Virginia Democrats said they had launched a campaign of automated phone calls to voters in Fairfax targeting GOP delegates who voted against the budget amendments.

The calls, sponsored by the Joint Democratic Caucus, are “educational for the constituents, to let them know how their delegate voted” during the worst stalemate in the legislature’s history, said Matt Mansell, director of the House Democratic Caucus. “There’s been a lot of attention paid to those Northern Virginia delegates and what they have and haven’t done for their constituents.”

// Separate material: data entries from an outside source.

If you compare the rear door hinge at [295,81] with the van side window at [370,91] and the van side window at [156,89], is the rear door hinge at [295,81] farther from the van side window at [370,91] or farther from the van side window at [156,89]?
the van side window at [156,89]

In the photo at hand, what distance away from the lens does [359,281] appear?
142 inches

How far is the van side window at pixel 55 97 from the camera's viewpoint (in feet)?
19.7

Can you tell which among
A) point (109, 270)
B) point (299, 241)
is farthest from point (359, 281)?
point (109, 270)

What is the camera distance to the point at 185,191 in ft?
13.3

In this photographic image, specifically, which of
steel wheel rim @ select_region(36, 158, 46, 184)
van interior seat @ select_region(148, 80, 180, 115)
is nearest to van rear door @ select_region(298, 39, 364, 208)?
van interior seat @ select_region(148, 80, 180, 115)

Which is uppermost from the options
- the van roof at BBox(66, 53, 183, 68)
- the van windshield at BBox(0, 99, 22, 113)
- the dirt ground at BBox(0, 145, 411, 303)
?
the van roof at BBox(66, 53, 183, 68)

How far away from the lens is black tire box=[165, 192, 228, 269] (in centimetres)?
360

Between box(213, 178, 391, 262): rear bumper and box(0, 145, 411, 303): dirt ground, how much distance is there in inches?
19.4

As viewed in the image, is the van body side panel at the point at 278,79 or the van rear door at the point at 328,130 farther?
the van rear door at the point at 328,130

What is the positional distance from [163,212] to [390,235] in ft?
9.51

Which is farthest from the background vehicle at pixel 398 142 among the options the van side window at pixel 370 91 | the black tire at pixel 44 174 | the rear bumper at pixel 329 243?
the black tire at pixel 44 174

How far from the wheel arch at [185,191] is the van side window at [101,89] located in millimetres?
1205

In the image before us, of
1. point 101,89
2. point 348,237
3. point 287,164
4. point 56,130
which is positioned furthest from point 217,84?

The recording tells voters that the delegate in question “voted against child care for 1,900 low-income children” and against funding to prevent sewage from flowing into the Chesapeake Bay, a reference to a project in Lynchburg to clean water flowing into the James River.

Help me out here. Why would the people living in Albo’s, Hugo’s, Callahan’s districts care about low-income families? To people in those districts, they’re foreigners — in many ways. Maybe O’Brien’s (especially) and Cuccinelli’s districts have some families impacted in the far eastern regions of their districts. But is this the kind of issue that would move Republicans to pressure their own? Maybe we should ask who’s getting a cut of the robo call expenditure?

OK. Maybe polluting the Chesapeake Bay will get a rise out of some moderate Fairfax Republicans, but not many are really going to get jacked up about a sewage plant in Lynchberg?

Anyone, please enlighten me.

UPDATE: I left out Rust among the targets. With the politics of the Herndon area recently, I’m not sure how well this reverberates there, either.